First of all, let me applaud NBC for using Netflix as a way to gain interest in their programming. It’s obvious that NBC is thinking a little more outside the box this year and I appreciate that—not to mention that I appreciate being able to see the show more than a month before it will actually air.
It’s not an over-exaggeration to say that much of NBC’s future rests with “Studio 60.” In fact, when ABC announced it was moving “Grey’s Anatomy” to Thursdays at 9 (NBC’s already announced slot for the show), NBC moved “Studio 60” to Mondays at 10. NBC needs a big hit and they believe this is it.
I believe it as well, but there’s still some work to do.
“Studio 60 on the Sunset Strip,” created by Aaron Sorkin, is about a “Saturday Night Live”-type comedy sketch show on the National Broadcasting Service. In the opening scene, Wes, the show’s executive producer (a memorable Judd Hirsch), is ordered to cut a controversial sketch by the network censors. However, he doesn’t take the decision lying down and actually cuts into the show’s opening sketch to give a scathing speech about the state of television and the show in particular, enraging network chairman Jack Rudolph (Steven Webber), who immediately fires him. Newly hired Network President Jordan McDeere (Amanda Peet) decides to bring in Matt Albie (Matthew Perry) and Danny Tripp (Bradley Whitford) to save the show. Matt and Danny were the number two guys at the show four years ago, before they were fired (though Jack says they quit). Now the duo has become successful, with Matt receiving a Writers Guild Award for his screenplay that Danny directed, and they are preparing to shoot another movie together. However, circumstances make the duo available and they, of course, take the job—much to the chagrin of Jack and Harriet (the charming Sarah Paulson), the cast member who recently broke up with Matt.

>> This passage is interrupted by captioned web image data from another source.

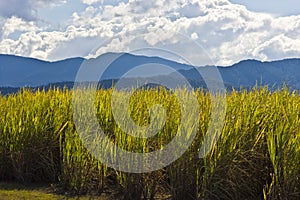 Campo da canna un adulto zucchero produzione 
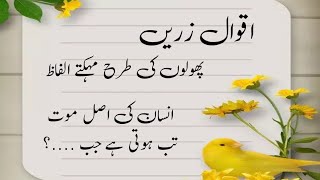 Golden Words in Urdu | Heart Touching Quotes Collection | Aqwal e Zareen | Shameer Quotes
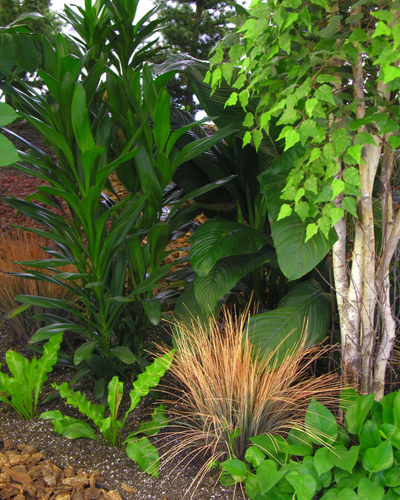 green plants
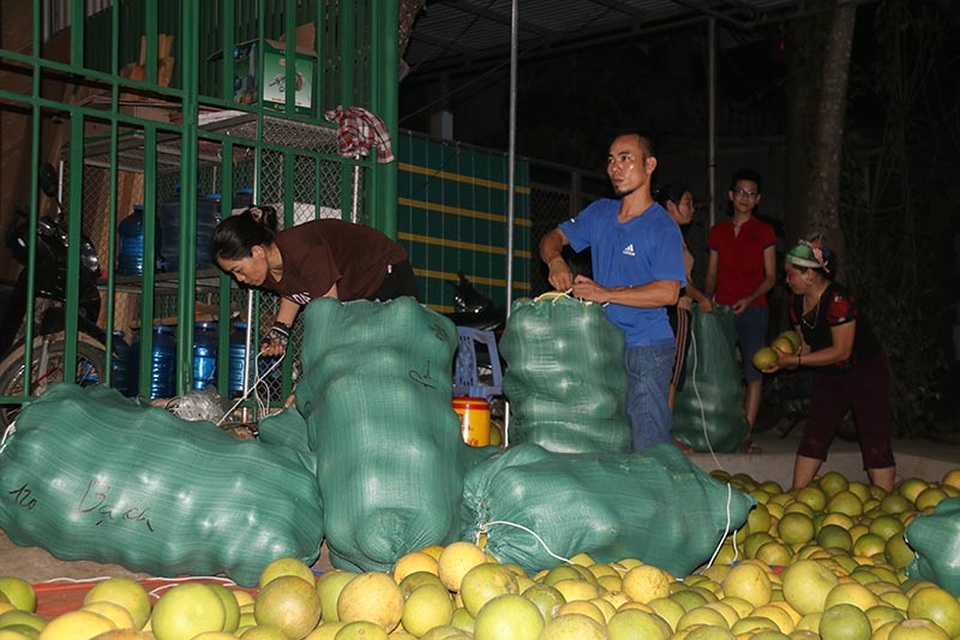 Cận cảnh trắng đêm đưa trái đặc sản lên tàu xe kịp phục vụ Tết độc lập - 2 Cận cảnh trắng đêm đưa trái đặc sản lên tàu xe kịp phục vụ Tết độc lập - 2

Matthew Perry and Bradley Whitford are so good together, you’d swear they were brothers. Perry is as endearing as ever, switching effortlessly between comedy and drama. And Whitford is the perfect straight man (I still believe that it was Whitford and not Martin Sheen who deserved to be nominated for an Emmy for “The West Wing.”). Steven Webber is much better as a network sleaze than I would’ve expected and it’s great to see Timothy Busfield in front of the camera again as Cal, the show’s director. And Felicity Huffman pays back Aaron Sorkin for giving her her big break (“Sports Night”) by doing a funny cameo as the unfortunate guest host of the show. Plus, Sorkin’s trademark biting wit is in full effect as he takes on both TV and the religious right in the same hour.
However, the show does have its problems. Amanda Peet is seriously miscast as Jordan which makes it hard to decide what kind of character she is. And unfortunately, Aaron Sorkin has not dropped his tendency to insert his own political views in totally meaningless scenes. Matthew Perry (the victim in this episode) handles it well, but it just doesn’t work, especially in the context of the scene (I won’t give it away because it’s an important plot point that Sorkin is sure to bang over our heads later.).

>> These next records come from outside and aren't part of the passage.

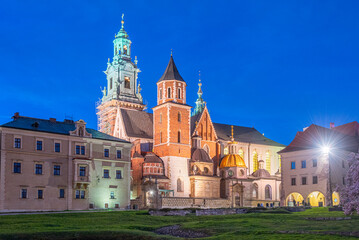 Obraz premium Wawel cathedral viewed during night in krakow, Poland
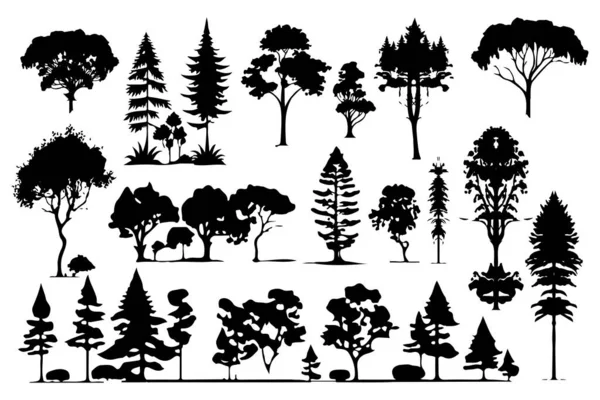 Деревья Лесные Силуэты Устанавливают Изолированные Векторные Иллюстрации — стоковый вектор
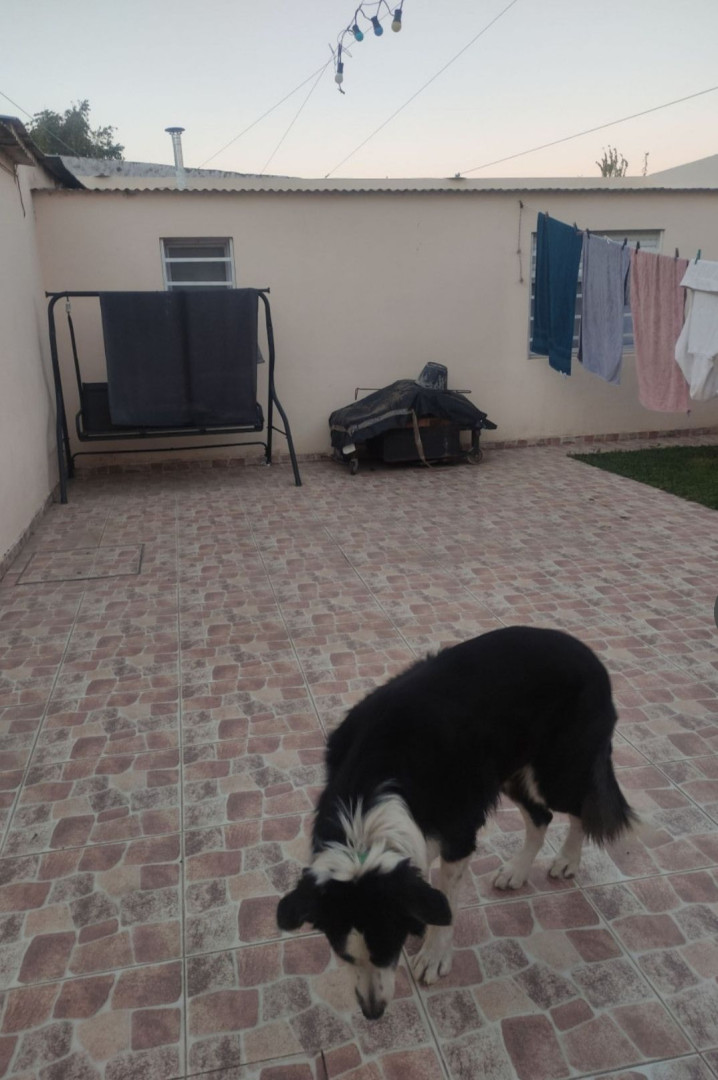 Casa en Venta en Beruti 1500,  Bahía Blanca - Bahía Blanca Propiedades | SITIO OFICIAL l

But probably what disappointed me the most was the lack of Sorkin-Schlamme zip. Tommy Schlamme created the famous “West Wing” walk-and-talk and I expected more of that frenetic pace here.

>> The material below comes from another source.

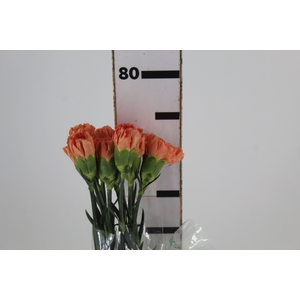 CRAVO 070 CM LARANJA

Don’t get me wrong. “Studio 60” is a good show. I guess I was just expecting knock-you-over-the-head great and I didn’t get it. That’s not to say it won’t come later--because I believe it will--it’s just not in the pilot.
“Studio 60 on the Sunset Strip” will air Mondays at 10 p.m. beginning in September on NBC. You can catch a preview at www.nbc.com, but since it gives away most of the episode’s best stuff, I’d stay away.